2Entsprechendes gilt für Zuwendungen, die nach Richtlinien und Nebenbestimmungen zur Förderung bestimmter Vorhaben gewährt werden, die inhaltlich den o. a. Förderbestimmungen entsprechen (z. B. Zuwendungen im Rahmen der Programme der Biotechnologie- und Energieforschung sowie zur Förderung des Forschungs- und Entwicklungspersonals in der Wirtschaft). 3Diese Beurteilung schließt im Einzelfall eine Prüfung nicht aus, ob auf Grund zusätzlicher Auflagen oder Bedingungen des Zuwendungsgebers oder sonstiger Umstände ein steuerbarer Leistungsaustausch zwischen dem Zuwendungsgeber und dem Zuwendungsempfänger begründet worden ist. 4Dabei ist bei Vorliegen entsprechender Umstände auch die Frage des Entgelts von dritter Seite zu prüfen. 5Eine Prüfung kommt insbesondere in Betracht, wenn die Tätigkeit zur Erfüllung von Ressortaufgaben des Zuwendungsgebers durchgeführt wird und deshalb z. B. folgende zusätzliche Vereinbarungen getroffen wurden (vgl. auch BFH-Urteile vom 23.2.1989, V R 141/84, BStBl II S. 638, und vom 28.7.1994, V R 19/92, BStBl 1995 II S. 86):

  1. 1.

    Vorbehalt von Verwertungsrechten für den Zuwendungsgeber;

  2. 2.

    Zustimmungsvorbehalt des Zuwendungsgebers für die Veröffentlichung der Ergebnisse;

  3. 3.

    fachliche Detailsteuerung durch den Zuwendungsgeber;

  4. 4.

    Vollfinanzierung bei Zuwendungen an Unternehmen der gewerblichen Wirtschaft.

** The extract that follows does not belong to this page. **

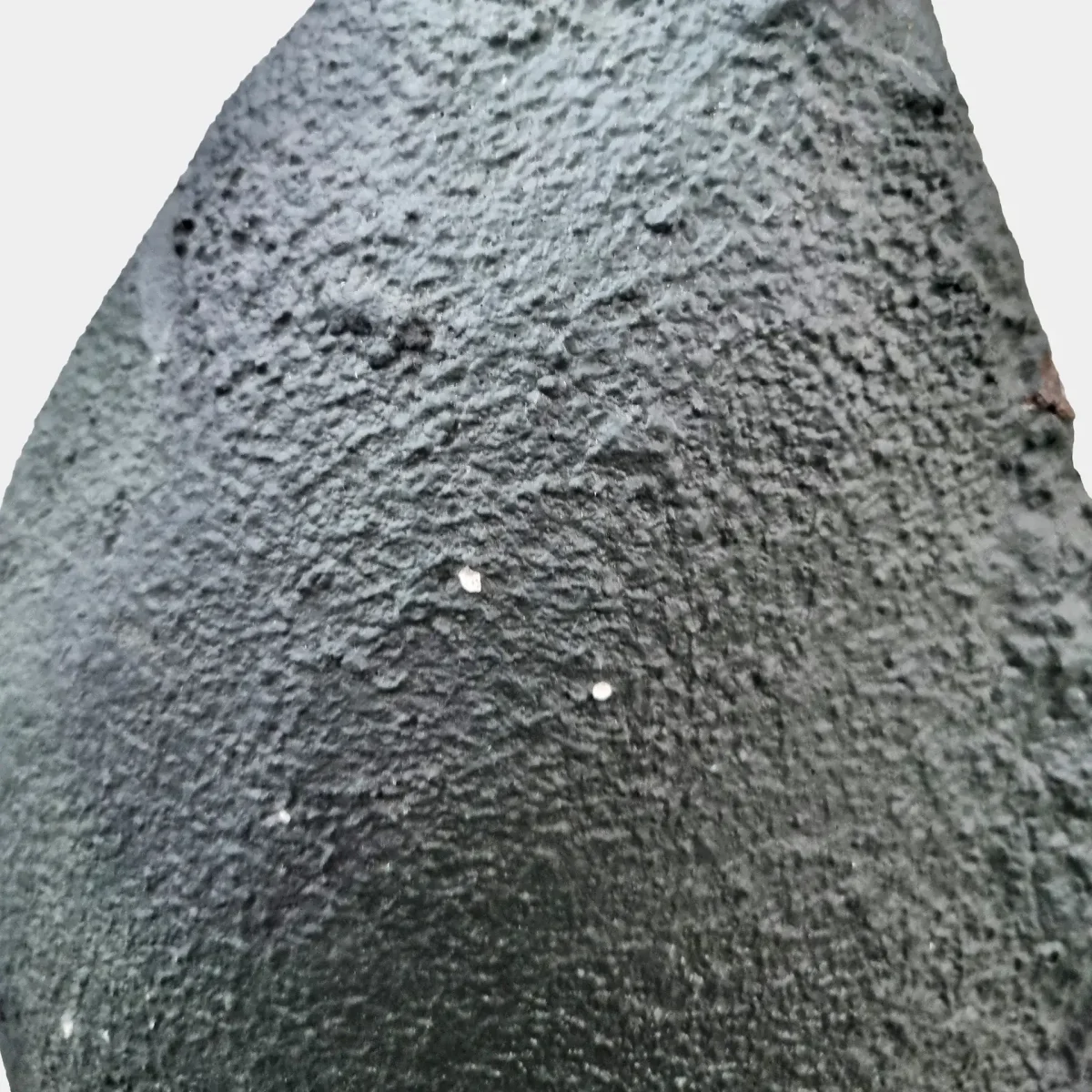 Zadnji pogled na ametistovo geodo prikazuje naravno bazaltno površino in čvrsto, nepolirano zunanjost.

6Die Vorbehalte sprechen nicht für einen Leistungsaustausch, wenn sie lediglich dazu dienen, die Tätigkeit zu optimieren und die Ergebnisse für die Allgemeinheit zu sichern. 7Nach den vorstehenden Grundsätzen ist auch bei der umsatzsteuerlichen Beurteilung von Zuwendungen zur Projektförderung sowie zur institutionellen Förderung auf Grund entsprechender Bestimmungen der Bundesländer zu verfahren.